The port of Mombasa has now fully adopted a regional guarantee scheme for cargo cleared at the facility as partner states of the East African Community moved to seal tax leaks and improve efficiency through a seamless trade platform.
Starting February 1, all maritime products cleared under the Single Customs Territory (SCT) and the Transit Regime are now only secured by the Regional Customs Transit Guarantee (RCTG) instead of the previous National Transit Bond (CB8).
This follows a directive by the Kenya Revenue Authority (KRA) that targets to reap the full benefits of the SCT platform.
Kenya is a key gateway to the region as the Mombasa port handles imports such as fuel and consumer goods for Uganda, Burundi, Rwanda, South Sudan, the Democratic Republic of Congo and Somalia as well as exports such as tea and coffee from the region.

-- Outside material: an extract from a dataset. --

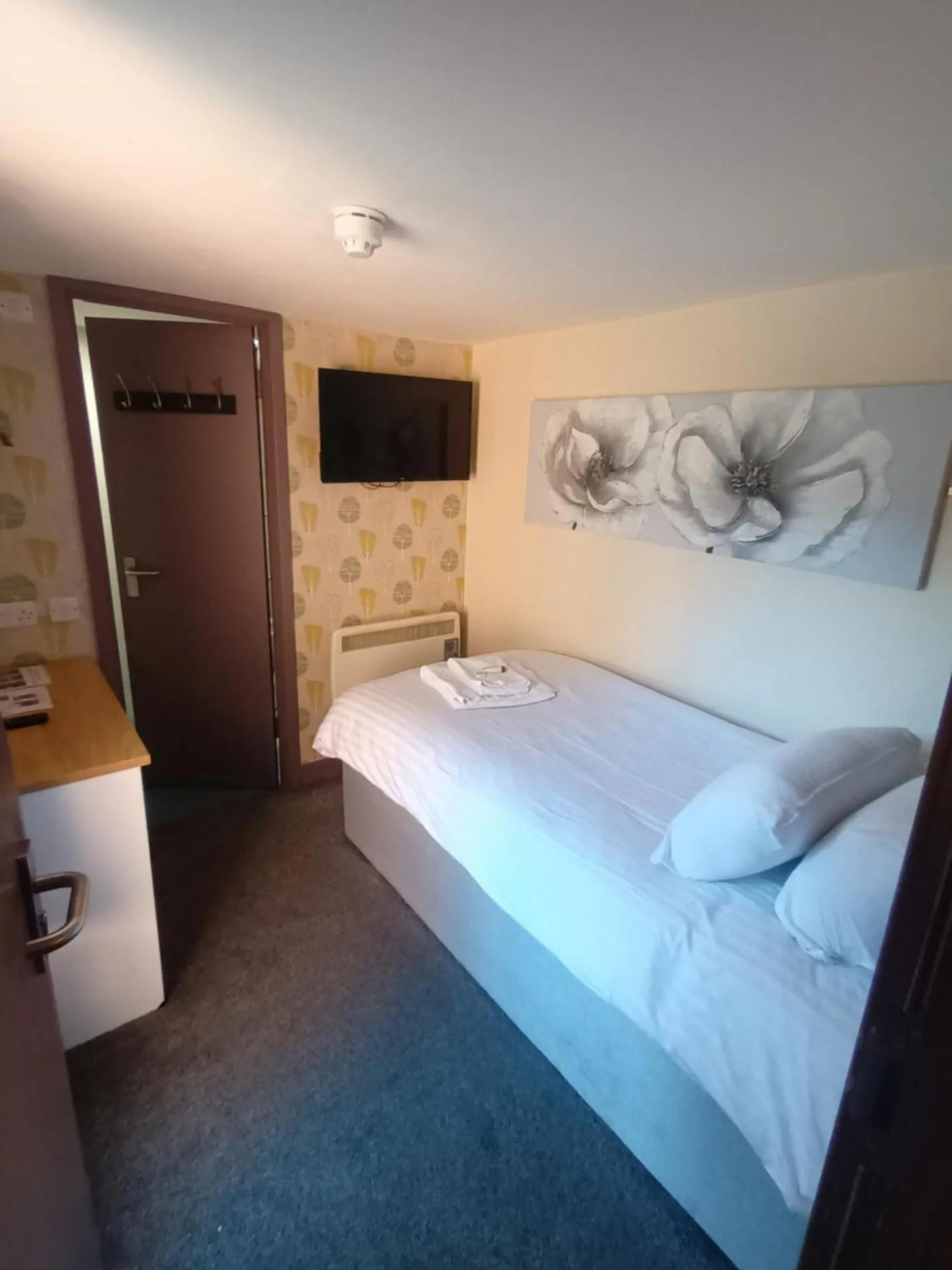 Bed in The Saltley Inn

A customs transit guarantee scheme ensures that customs officials in a transit country receive proper payment for dues and duties for any goods moved through their territory.
Typically any person importing goods must deposit a security in form of cash, insurance bond or bank guarantee to cover for payment of custom duties or other charges due on the goods in every transit country in case the goods in transit are short landed or diverted for consumption in the country of transit.
The issue of depositing cash or lodging an insurance bond or bank guarantee at each country of transit has been criticised as serious drawback to trade because it’s costly as a result of the premium rates, bank charges and bond fees.
The national transit bond system has also been criticised for tying down huge sums of money and financial assets deposited in different countries and leading to delays at border crossing points as traders look for bonds, hence longer vehicle turn-around and transit times.
A regional scheme improves efficiency in customs operations, handing relief to traders and shippers.
Member states of the Common Market of Eastern and Southern Africa (Comesa) already have the Regional Customs Transit Guarantee scheme commonly known as RCTG Carnet or Comesa Carnet.
Statistics show that the implementation of the RCTG Carnet more than five years ago has helped reduce the cost of transit trade and transport between 10-15 per cent and enhanced competitiveness through the expansion of regional and global trade.
Trade in East Africa has become increasingly seamless following the adoption of the single customs territory.
Under the SCT deal that began in 2014, clearing agents within EAC have been granted rights to relocate and carry out their duties in any of the partner states as part of a strategy to improve flow of goods and curb dumping.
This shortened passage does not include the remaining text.